Applicant is a 44-year-old married woman who immigrated to the U.S. from Nigeria and has since obtained U.S. citizenship, had five native-born children, earned a college degree in accounting, and, along with her husband, runs a successful company providing administrative and information technological services to the government. Although she has ties to Nigeria based on visiting and financially supporting her elderly mother and mother-in-law, those circumstances are unlikely to make Applicant potentially vulnerable to foreign influence. Moreover, Applicant's ties to the U.S. are so substantial that she can be expected to resist and report any potential foreign influence or pressure. Clearance is granted.
On October 22, 2002, the Defense Office of Hearings and Appeals (DOHA) issued a Statement of Reasons (SOR) to Applicant stating they were unable to find that it is clearly consistent with the national interest to grant or continue a security clearance for Applicant. (1) The SOR, which is in essence the administrative complaint, alleges security concerns under Guideline B for foreign influence.
Applicant's Answer to SOR is undated, but apparently submitted in November 2002. She admitted to the SOR's five factual allegations (subparagraphs 1.a. - 1.e) with explanations, and she requested a clearance decision based on a hearing record.
This case was initially assigned to another administrative judge, but DOHA reassigned the case to me on January 7, 2003, to conduct a hearing and issue a written decision. Thereafter, on January 16, 2003, a notice of hearing was issued to the parties scheduling the hearing for Thursday, February 27, 2003, at a location near Applicant's place of employment. Applicant appeared with counsel and the hearing took place as scheduled. DOHA received the hearing transcript March 7, 2003.

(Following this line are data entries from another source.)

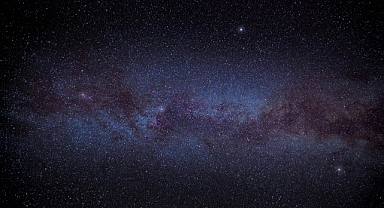 21 Kasım 2025 Cuma Günlük Burç Yorumları: Aşk, Para ve Kariyerinizde Neler Bekleniyor?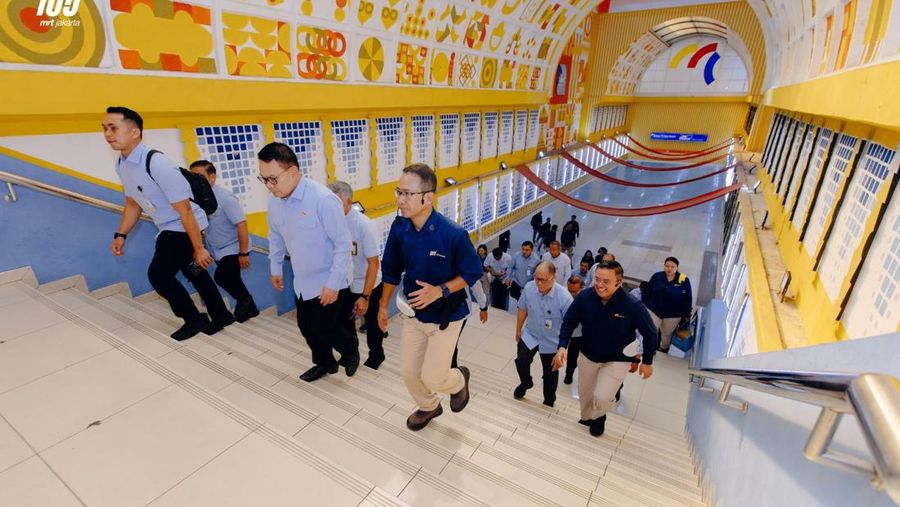 Kepala Kantor Staf Presiden Jenderal TNI (Purn) Dudung Abdurachman mengunjungi kawasan Blok M dan area konstruksi Stasiun Monas, Jakarta Pusat, Kamis (18/6/2026). (Dok. MRT)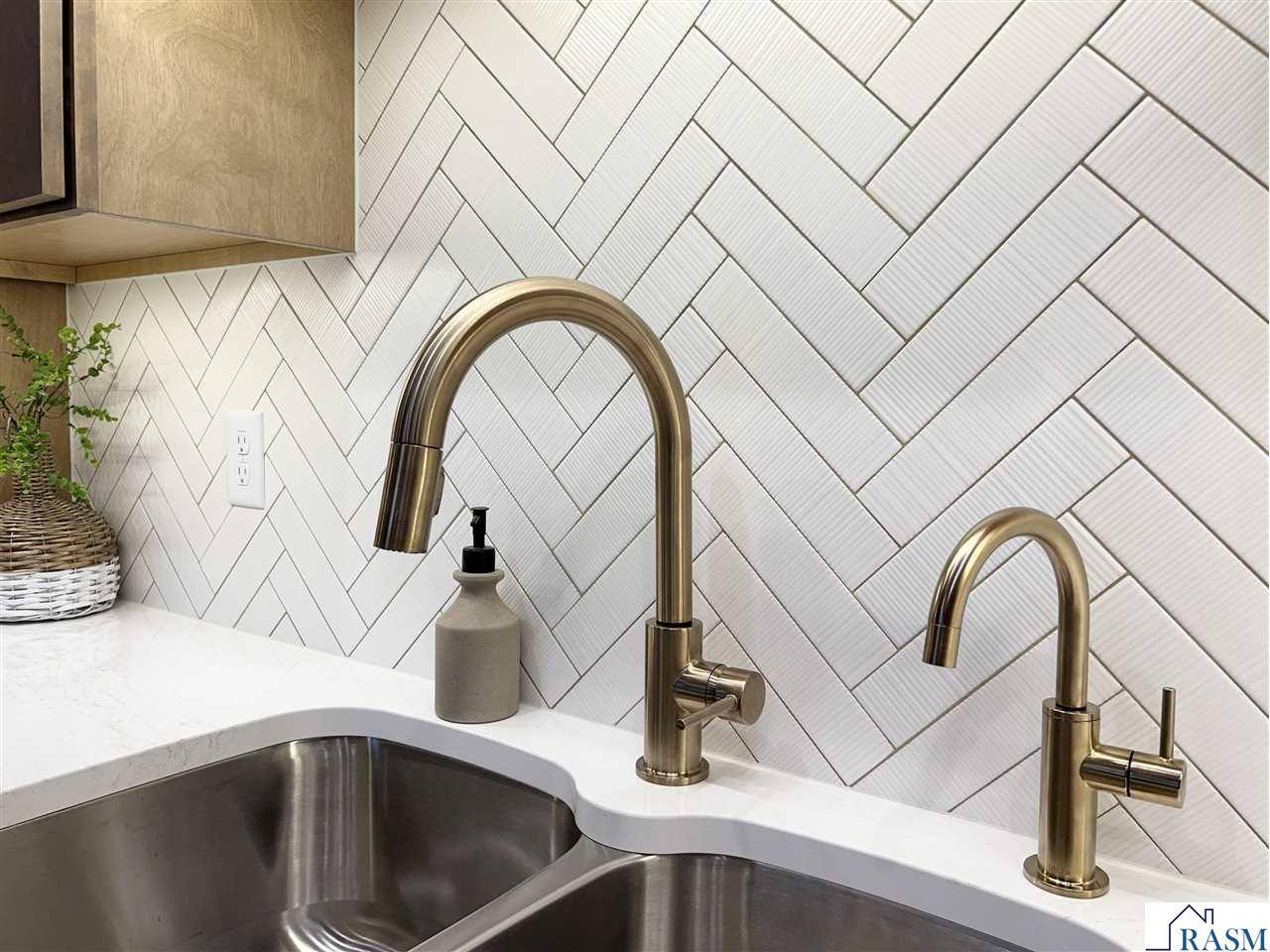 1048 Saba Boulevard Mankato MN 56001 7039229 image13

After a thorough review of the pleadings, transcript, and exhibits, I make the following essential findings of fact:
Concerning the SOR allegations in general, I find that the record evidence as a whole is sufficient to establish, by substantial evidence, the occurrence of all the factual events alleged in the SOR, except as otherwise noted (e.g., Applicant's father passed away in May 2002).
Applicant testified during the hearing and I find her testimony was credible.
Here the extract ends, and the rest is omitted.